‘Benefit’ and ‘value’ are often used interchangeably, and therefore incorrectly, in conversations about which aspects of a product or service will make it most compelling to potential customers.   I have seen this misuse cause a host of problems for sellers because confusing the two often results in erroneous expectations being set and faulty conclusions being drawn about how a company’s offer actually stacks up against those of its competitors.  Although the terms are intimately related, benefit and value are each separate and distinct concepts, and understanding and using them correctly across an organization is essential to making sound business and marketing decisions.

The Relationship

The exercise all buyers go through, in some way, shape or form (e.g., financially, emotionally, etc.), to evaluate a purchase—sometimes consciously, sometimes unconsciously—follows this most basic calculation:

Value = Benefits – Costs

Benefits are the improvements realized from an acquisition.  They satisfy one or more needs the buyer seeks to fulfill when making a purchase (which are often situation-dependent).  These can range over an extensive array of dimensions:  cost saving, speed, durability, reliability, convenience, selection, fast delivery, intimate customer service, health improvement, prestige, guilt reduction, showing empathy, ego-building, capturing an experience, bragging rights, being a member of a certain group, etc.  Obviously, some benefits are inherently measurable, while others are not.

Costs represent the financial expenditures required to acquire an offer and put it to use, plus the potential emotional, professional, reputational, financial, etc. risks that come with its acquisition. Often times, these are difficult to identify (to say nothing about quantifying).

Value is the net gain received by a buyer after all costs have been assessed against the benefits received. Like benefits, value is also evaluated on a multitude of quantifiable and unquantifiable dimensions.  This is one of the reasons why assessing value is such a challenge.

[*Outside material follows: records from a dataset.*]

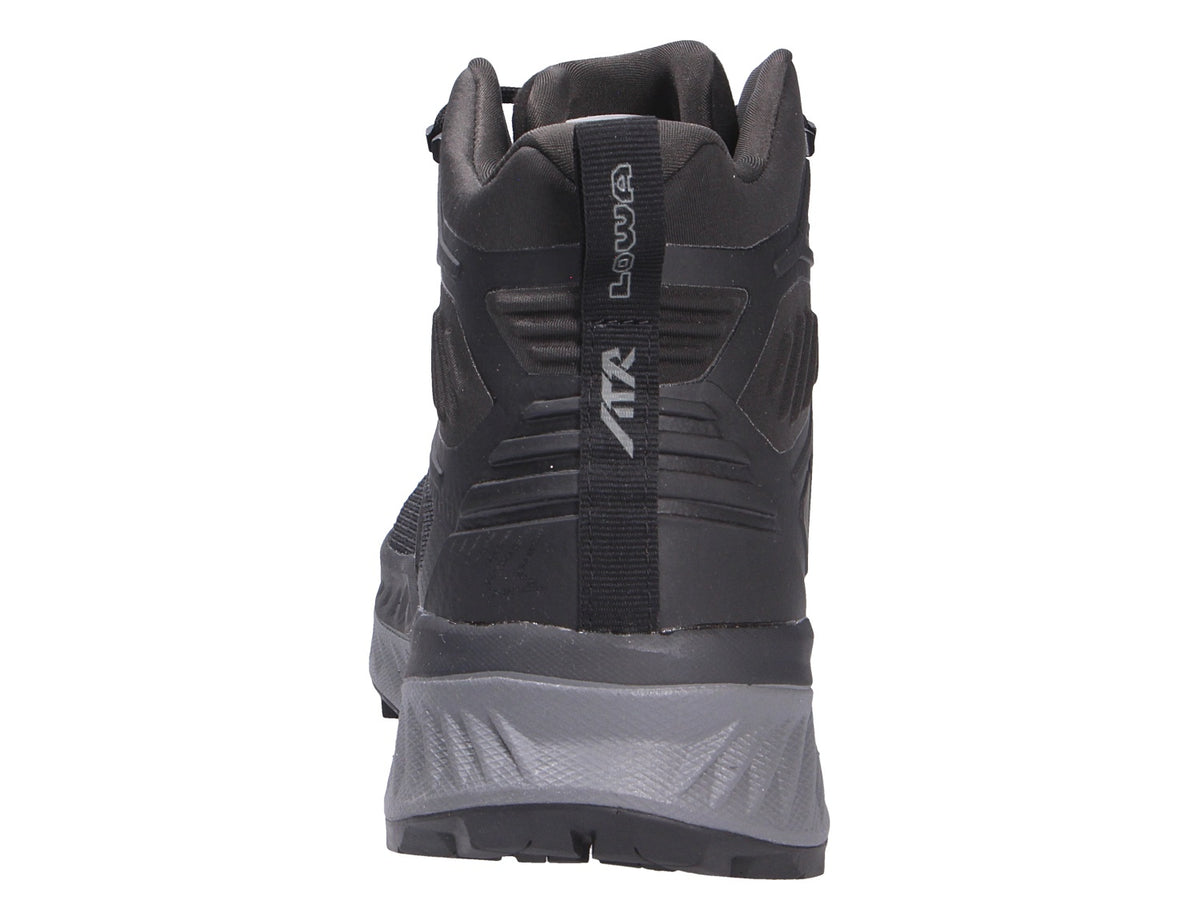 Lowa Herren Outdoorschuhe FORTUX GTX QC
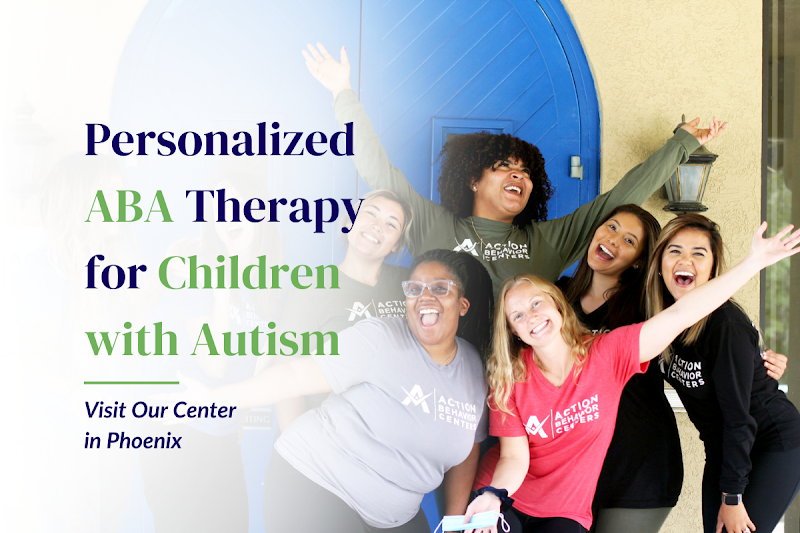 Action Behavior Centers - ABA Therapy for Autism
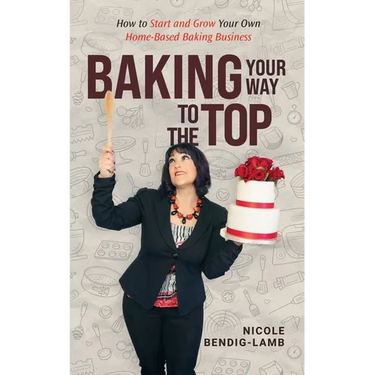 Baking Your Way To The Top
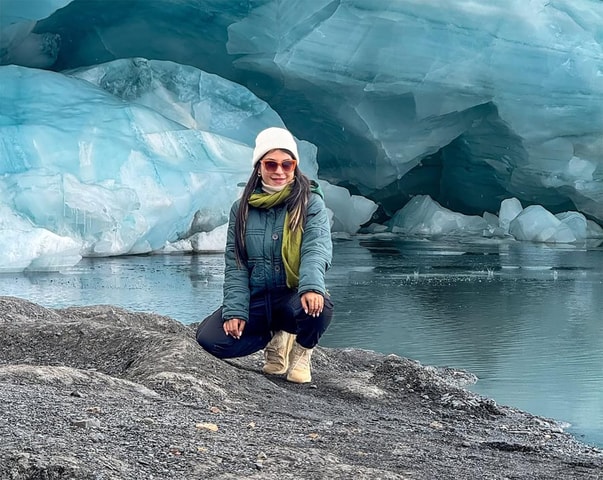 From Cusco: Quelccaya Glacier & Sibinacocha Lake 1-Day Hike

On a side note, the phrase perceived value is often used when talking about the drivers of a specific purchase decision.  However, I believe what are actually being referred to are the perceived benefits offered by a product or service because costs are normally not mentioned or implied in most conversations—and they need to be if value is to be properly discussed.

Playing Together

To understand how benefit and value play together, it’s helpful to start with the Feature-Advantage-Benefit (FAB) framework often used in product development work and extend it to include the concept of value:

  • Feature: A characteristic, attribute or function of a product or service
  • Advantage: The capability the feature provides when put to use
  • Benefit: The improvement a buyer could derive from the advantage
  • Value: The net gain received from purchasing a product

Here is an example of this framework in practice:

  • Feature: An optional high capacity gas tank
  • Advantage: Less frequent fill-ups
  • Benefit (situation-dependent possibilities):
    • Less time wasted on an unproductive task
    • Ability to travel greater distances between fill-ups
    • Ability to travel round trip from a low-gas-cost location to a high-gas-cost location and back without having to purchase high-cost gas (e.g., Arizona to California without having to pay CA gas prices)
    • Ability to travel to remote areas with no gas service

In order to demonstrate how value enters the equation, we need a specific example:

  1. Buyer 1 does outside sales, so she drives a great deal. Her time is her scarcest resource and having to frequently fill up reduces her productivity.   She would benefit from the larger tank.
  2. Buyer 2 is retired. Because he drives very little and only short distances, he fills up infrequently and therefore wouldn’t save much time.  Besides, he has all the time he needs already.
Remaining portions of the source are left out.